Cédric Berto : Le Règlement général sur la protection des données (RGPD) est un texte européen, applicable depuis le 25 mai 2018, visant à définir un cadre juridique unifié au sein de l’Union européenne (UE) en matière de protection des données personnelles.

En France, cela s’est traduit par la suppression, à quelques exceptions près, des obligations déclaratives auprès de la CNIL, autorité de régulation en la matière. À la place, les organisations, dont les entreprises, ont été responsabilisées à travers le principe d’« accountability ». Concrètement, elles ont l’obligation de mettre en œuvre des mécanismes et des procédures internes permettant de respecter les règles relatives à la protection des données personnelles et d’être en mesure d’en justifier à tout moment.

En résumé , le RGPD comporte quelques grands principes :

  • finalité et minimisation : seules les données personnelles strictement nécessaires pour atteindre un objectif légitime peuvent être collectées  ;
  • transparence : les personnes concernées doivent être informées clairement de l’utilisation qui est faite de leurs données personnelles dès leur collecte, de leurs droits, ainsi que de leurs modalités d’exercice ;
  • droit des personnes : les personnes concernées doivent pouvoir exercer leurs différents droits (accès, rectification, suppression, opposition) ;
  • durée de conservation : les données personnelles utilisées doivent être conservées uniquement le temps nécessaire à la réalisation de l’objectif légitime poursuivi ;
  • sécurité des données : toutes les mesures utiles doivent être mises en œuvre pour garantir la sécurité des données personnelles, notamment la sécurité physique et informatique ;
  • démarche continue : la mise en conformité doit être faite dans une démarche continue afin d’adapter les procédures et les mesures de sécurité, le cas échéant.

Par ailleurs, selon les situations, les entreprises peuvent être tenues de nommer un Délégué à la Protection des données (ou « Data Protection Officer » – DPO).

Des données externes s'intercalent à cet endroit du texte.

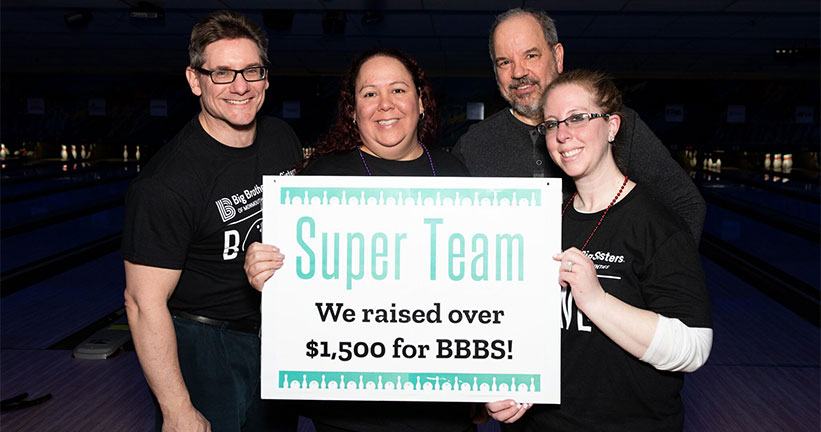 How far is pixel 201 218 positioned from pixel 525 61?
95 centimetres

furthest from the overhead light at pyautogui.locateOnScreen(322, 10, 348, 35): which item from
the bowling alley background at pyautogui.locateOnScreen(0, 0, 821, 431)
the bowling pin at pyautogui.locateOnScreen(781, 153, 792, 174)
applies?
the bowling pin at pyautogui.locateOnScreen(781, 153, 792, 174)

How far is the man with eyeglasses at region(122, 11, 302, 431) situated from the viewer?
1.39m

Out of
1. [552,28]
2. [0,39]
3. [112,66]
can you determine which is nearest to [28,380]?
[552,28]

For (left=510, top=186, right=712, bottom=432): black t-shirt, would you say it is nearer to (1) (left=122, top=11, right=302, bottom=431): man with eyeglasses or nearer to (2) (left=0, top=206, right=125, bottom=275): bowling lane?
(1) (left=122, top=11, right=302, bottom=431): man with eyeglasses

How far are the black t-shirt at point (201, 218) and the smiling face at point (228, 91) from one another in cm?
5

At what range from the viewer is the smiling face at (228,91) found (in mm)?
1490

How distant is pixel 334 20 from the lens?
5.47 metres

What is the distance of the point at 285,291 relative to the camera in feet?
4.05

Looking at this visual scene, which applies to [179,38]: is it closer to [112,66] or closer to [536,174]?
[112,66]

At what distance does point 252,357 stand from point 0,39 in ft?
24.6

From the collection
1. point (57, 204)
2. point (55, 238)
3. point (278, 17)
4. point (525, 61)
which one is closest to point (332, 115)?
point (57, 204)

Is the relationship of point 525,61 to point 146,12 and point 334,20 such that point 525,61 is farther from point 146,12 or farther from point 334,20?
point 146,12

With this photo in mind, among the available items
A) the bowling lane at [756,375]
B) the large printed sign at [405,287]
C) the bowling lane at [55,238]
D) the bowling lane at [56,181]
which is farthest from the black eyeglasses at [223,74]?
the bowling lane at [56,181]

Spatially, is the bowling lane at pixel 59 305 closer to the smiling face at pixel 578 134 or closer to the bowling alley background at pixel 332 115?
the bowling alley background at pixel 332 115
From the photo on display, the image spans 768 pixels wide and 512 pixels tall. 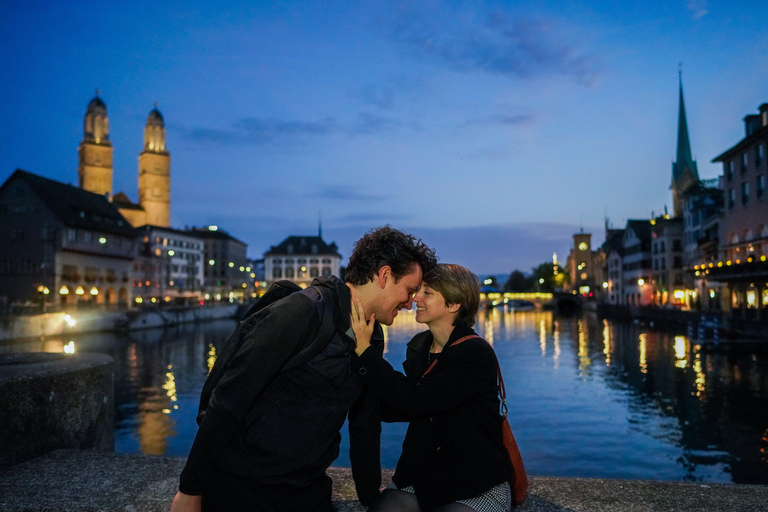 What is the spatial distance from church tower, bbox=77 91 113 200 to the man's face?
13555 centimetres

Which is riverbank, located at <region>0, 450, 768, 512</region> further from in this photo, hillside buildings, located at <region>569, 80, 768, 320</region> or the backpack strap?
hillside buildings, located at <region>569, 80, 768, 320</region>

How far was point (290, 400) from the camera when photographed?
113 inches

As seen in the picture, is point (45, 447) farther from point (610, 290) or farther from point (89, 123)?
point (89, 123)

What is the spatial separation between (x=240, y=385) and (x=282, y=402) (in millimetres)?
308

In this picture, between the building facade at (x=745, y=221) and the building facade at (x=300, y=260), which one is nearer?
the building facade at (x=745, y=221)

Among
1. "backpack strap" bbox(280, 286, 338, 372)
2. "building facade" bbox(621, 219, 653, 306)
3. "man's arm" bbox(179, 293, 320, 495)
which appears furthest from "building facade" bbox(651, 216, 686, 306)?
"man's arm" bbox(179, 293, 320, 495)

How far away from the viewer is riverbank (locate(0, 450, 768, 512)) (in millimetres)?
3867

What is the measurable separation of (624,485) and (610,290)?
114 metres

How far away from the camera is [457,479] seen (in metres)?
3.33

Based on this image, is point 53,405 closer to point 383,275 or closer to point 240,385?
point 240,385

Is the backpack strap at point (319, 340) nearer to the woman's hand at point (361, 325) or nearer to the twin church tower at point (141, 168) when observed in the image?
the woman's hand at point (361, 325)

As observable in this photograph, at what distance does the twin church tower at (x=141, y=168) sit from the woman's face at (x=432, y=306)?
4877 inches

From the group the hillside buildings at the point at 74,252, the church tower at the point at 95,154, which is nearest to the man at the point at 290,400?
the hillside buildings at the point at 74,252

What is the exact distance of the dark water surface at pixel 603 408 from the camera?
1631cm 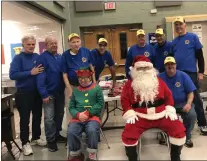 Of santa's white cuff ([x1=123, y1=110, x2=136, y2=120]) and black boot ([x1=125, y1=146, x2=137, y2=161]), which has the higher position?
santa's white cuff ([x1=123, y1=110, x2=136, y2=120])

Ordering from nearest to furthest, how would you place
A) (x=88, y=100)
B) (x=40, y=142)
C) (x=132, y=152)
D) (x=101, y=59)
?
1. (x=132, y=152)
2. (x=88, y=100)
3. (x=40, y=142)
4. (x=101, y=59)

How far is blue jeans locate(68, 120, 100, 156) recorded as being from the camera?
95.5 inches

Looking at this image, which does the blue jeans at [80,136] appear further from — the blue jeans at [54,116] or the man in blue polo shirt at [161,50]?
the man in blue polo shirt at [161,50]

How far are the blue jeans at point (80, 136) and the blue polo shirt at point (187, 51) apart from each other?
1.25m

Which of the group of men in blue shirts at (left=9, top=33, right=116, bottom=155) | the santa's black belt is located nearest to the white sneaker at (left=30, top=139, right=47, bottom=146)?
the group of men in blue shirts at (left=9, top=33, right=116, bottom=155)

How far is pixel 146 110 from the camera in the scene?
2.33 m

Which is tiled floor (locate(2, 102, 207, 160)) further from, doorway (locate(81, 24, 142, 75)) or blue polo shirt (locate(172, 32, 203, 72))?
doorway (locate(81, 24, 142, 75))

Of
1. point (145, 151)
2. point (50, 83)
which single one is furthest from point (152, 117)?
point (50, 83)

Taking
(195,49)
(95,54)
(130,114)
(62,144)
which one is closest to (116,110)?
(95,54)

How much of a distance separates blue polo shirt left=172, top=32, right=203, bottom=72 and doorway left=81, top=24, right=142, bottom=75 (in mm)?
3312

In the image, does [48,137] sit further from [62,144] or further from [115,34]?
[115,34]

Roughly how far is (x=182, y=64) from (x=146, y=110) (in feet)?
3.13

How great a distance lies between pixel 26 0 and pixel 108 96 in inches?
65.4

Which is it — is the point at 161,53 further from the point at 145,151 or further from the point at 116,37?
the point at 116,37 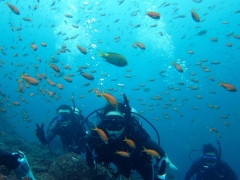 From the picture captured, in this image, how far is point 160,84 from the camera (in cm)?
10738

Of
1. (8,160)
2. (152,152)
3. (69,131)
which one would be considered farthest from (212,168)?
(8,160)

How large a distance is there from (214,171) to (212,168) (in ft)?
0.50

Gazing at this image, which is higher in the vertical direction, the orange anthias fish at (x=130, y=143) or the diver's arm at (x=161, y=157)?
the orange anthias fish at (x=130, y=143)

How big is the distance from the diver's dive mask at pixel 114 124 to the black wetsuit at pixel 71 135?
327 centimetres

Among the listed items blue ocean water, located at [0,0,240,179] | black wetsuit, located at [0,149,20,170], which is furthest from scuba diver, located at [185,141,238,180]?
blue ocean water, located at [0,0,240,179]

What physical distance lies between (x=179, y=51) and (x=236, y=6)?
3211cm

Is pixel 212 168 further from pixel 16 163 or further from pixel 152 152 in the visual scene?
pixel 16 163

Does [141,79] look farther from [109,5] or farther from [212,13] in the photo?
[109,5]

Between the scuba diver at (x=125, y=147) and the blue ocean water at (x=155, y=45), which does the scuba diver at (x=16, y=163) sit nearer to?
the scuba diver at (x=125, y=147)

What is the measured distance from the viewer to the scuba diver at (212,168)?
7.45 meters

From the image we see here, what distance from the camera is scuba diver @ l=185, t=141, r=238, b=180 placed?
745 cm

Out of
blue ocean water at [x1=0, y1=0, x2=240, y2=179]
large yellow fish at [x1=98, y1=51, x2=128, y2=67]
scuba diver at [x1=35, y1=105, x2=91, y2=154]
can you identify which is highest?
large yellow fish at [x1=98, y1=51, x2=128, y2=67]

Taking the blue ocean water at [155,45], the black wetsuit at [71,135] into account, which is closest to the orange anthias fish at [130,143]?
the black wetsuit at [71,135]

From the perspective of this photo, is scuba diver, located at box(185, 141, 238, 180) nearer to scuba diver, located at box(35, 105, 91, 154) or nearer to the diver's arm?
the diver's arm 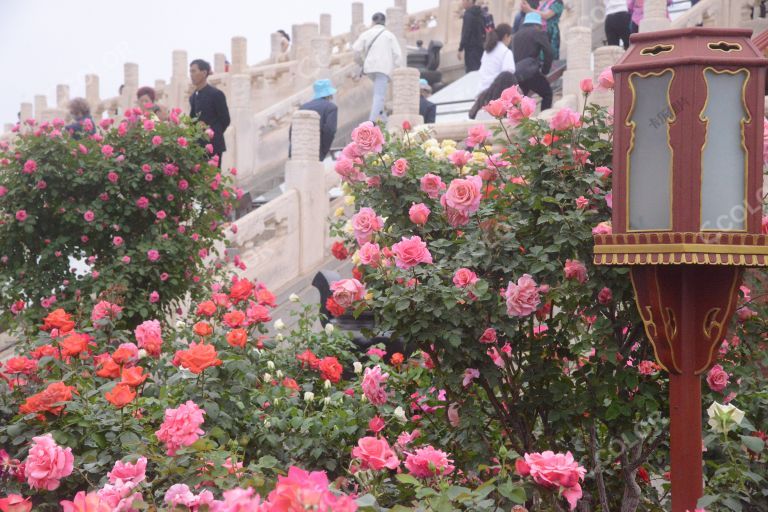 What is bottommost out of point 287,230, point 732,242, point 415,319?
point 287,230

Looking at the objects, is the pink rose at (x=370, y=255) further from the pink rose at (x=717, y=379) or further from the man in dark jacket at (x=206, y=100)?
the man in dark jacket at (x=206, y=100)

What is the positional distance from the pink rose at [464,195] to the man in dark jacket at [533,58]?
8.05 meters

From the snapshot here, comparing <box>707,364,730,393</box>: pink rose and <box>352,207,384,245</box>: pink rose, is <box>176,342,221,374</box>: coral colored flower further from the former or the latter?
<box>707,364,730,393</box>: pink rose

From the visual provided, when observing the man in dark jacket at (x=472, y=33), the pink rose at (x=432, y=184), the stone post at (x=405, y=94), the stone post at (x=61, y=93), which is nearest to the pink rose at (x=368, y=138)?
the pink rose at (x=432, y=184)

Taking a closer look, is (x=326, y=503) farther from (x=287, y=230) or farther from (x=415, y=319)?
(x=287, y=230)

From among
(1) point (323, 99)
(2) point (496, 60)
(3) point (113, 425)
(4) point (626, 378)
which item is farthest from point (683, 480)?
(1) point (323, 99)

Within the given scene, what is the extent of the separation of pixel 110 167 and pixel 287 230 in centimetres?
332

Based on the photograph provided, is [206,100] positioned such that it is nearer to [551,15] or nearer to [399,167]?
[551,15]

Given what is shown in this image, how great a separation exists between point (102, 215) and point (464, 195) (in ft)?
13.9

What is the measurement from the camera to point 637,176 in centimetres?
372

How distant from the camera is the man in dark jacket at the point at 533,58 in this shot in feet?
40.8

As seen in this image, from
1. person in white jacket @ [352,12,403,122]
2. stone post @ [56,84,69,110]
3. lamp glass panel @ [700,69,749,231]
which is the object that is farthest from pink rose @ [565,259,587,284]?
stone post @ [56,84,69,110]

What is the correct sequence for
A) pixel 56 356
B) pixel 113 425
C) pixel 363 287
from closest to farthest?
pixel 113 425 → pixel 363 287 → pixel 56 356

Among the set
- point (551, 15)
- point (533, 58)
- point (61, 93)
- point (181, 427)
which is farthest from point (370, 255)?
point (61, 93) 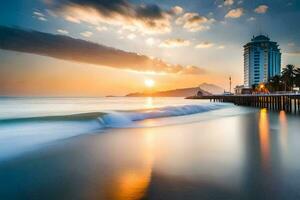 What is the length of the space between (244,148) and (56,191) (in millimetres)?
8493

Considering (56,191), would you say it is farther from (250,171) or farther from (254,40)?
(254,40)

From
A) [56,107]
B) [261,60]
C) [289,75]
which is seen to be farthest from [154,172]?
[261,60]

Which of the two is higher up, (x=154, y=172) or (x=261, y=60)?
(x=261, y=60)

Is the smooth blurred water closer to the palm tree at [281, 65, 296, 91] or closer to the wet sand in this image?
the wet sand

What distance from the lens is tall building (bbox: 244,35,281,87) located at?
6289 inches

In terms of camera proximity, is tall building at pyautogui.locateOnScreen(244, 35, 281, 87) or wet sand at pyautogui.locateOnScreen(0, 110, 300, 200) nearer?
wet sand at pyautogui.locateOnScreen(0, 110, 300, 200)

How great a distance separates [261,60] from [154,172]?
174 m

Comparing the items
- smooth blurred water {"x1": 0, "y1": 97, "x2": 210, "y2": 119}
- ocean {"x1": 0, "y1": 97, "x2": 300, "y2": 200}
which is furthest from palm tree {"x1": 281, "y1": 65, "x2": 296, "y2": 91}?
ocean {"x1": 0, "y1": 97, "x2": 300, "y2": 200}

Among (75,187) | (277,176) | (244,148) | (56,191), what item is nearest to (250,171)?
(277,176)

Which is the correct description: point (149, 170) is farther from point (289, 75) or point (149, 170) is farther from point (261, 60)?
point (261, 60)

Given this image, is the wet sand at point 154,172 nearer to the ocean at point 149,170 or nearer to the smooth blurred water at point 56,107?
the ocean at point 149,170

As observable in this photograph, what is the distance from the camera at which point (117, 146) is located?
11.5 meters

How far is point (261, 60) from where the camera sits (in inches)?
6339

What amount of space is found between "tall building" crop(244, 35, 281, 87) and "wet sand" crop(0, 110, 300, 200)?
163959mm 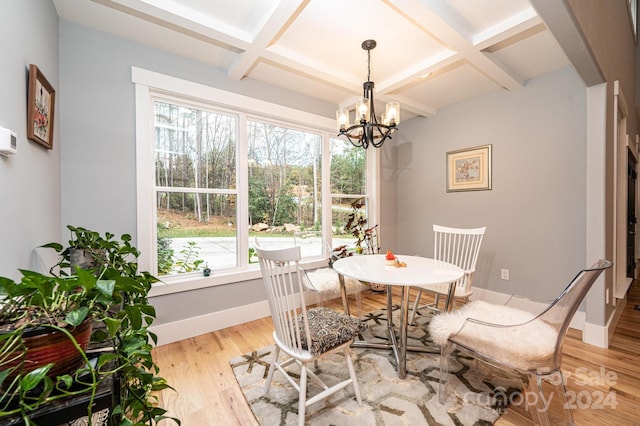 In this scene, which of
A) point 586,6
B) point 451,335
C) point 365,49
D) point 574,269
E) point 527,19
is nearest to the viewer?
point 451,335

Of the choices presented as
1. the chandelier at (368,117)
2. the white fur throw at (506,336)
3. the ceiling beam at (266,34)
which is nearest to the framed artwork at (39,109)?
the ceiling beam at (266,34)

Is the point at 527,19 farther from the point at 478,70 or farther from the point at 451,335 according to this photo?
the point at 451,335

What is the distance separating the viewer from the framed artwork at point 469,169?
325cm

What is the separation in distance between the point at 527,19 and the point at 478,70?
2.49 feet

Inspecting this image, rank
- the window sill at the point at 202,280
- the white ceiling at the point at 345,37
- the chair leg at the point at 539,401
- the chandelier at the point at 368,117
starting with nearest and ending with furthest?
the chair leg at the point at 539,401, the white ceiling at the point at 345,37, the chandelier at the point at 368,117, the window sill at the point at 202,280

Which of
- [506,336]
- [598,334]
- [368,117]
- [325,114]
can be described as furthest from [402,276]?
[325,114]

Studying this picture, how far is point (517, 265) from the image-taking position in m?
3.02

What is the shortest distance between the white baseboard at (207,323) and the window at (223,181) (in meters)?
0.32

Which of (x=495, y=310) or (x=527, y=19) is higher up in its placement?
(x=527, y=19)

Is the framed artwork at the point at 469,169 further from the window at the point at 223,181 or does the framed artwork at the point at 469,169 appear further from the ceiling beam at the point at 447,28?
the window at the point at 223,181

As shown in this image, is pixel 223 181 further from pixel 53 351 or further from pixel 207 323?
pixel 53 351

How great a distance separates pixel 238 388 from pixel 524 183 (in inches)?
134

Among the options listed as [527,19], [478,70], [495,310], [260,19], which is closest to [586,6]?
[527,19]

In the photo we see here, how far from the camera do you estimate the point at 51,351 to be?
526 millimetres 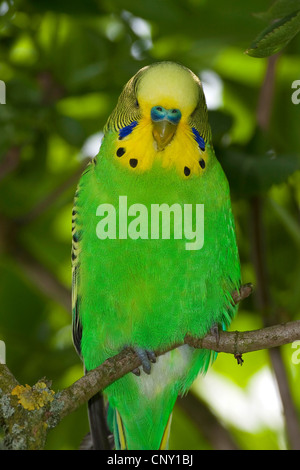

Celui-ci peut être interne à l’entreprise (donc un salarié de l’entreprise) mais également une personne extérieure.

Cela fait désormais plus de 5 ans que le RGPD est applicable. Quel bilan peut-on en faire ?

Cédric Berto : Il est possible de faire un bilan chiffré depuis l’entrée en application du RGPD. Ainsi, entre mai 2018 et mai 2023, la CNIL indique avoir reçu 17 483 notifications de violations de données. Elle précise toutefois que ce volume ne reflète pas le nombre réel d’incidents puisqu’un même évènement, tel qu’un piratage, peut donner lieu à de multiples notifications, notamment lorsqu’un prestataire est touché par une attaque et la notifie à ses clients, conformément au RGPD, lesquels vont ensuite eux-mêmes effectuer leurs propres notifications. Par ailleurs, toutes les violations de données ne sont pas forcément notifiées à la CNIL…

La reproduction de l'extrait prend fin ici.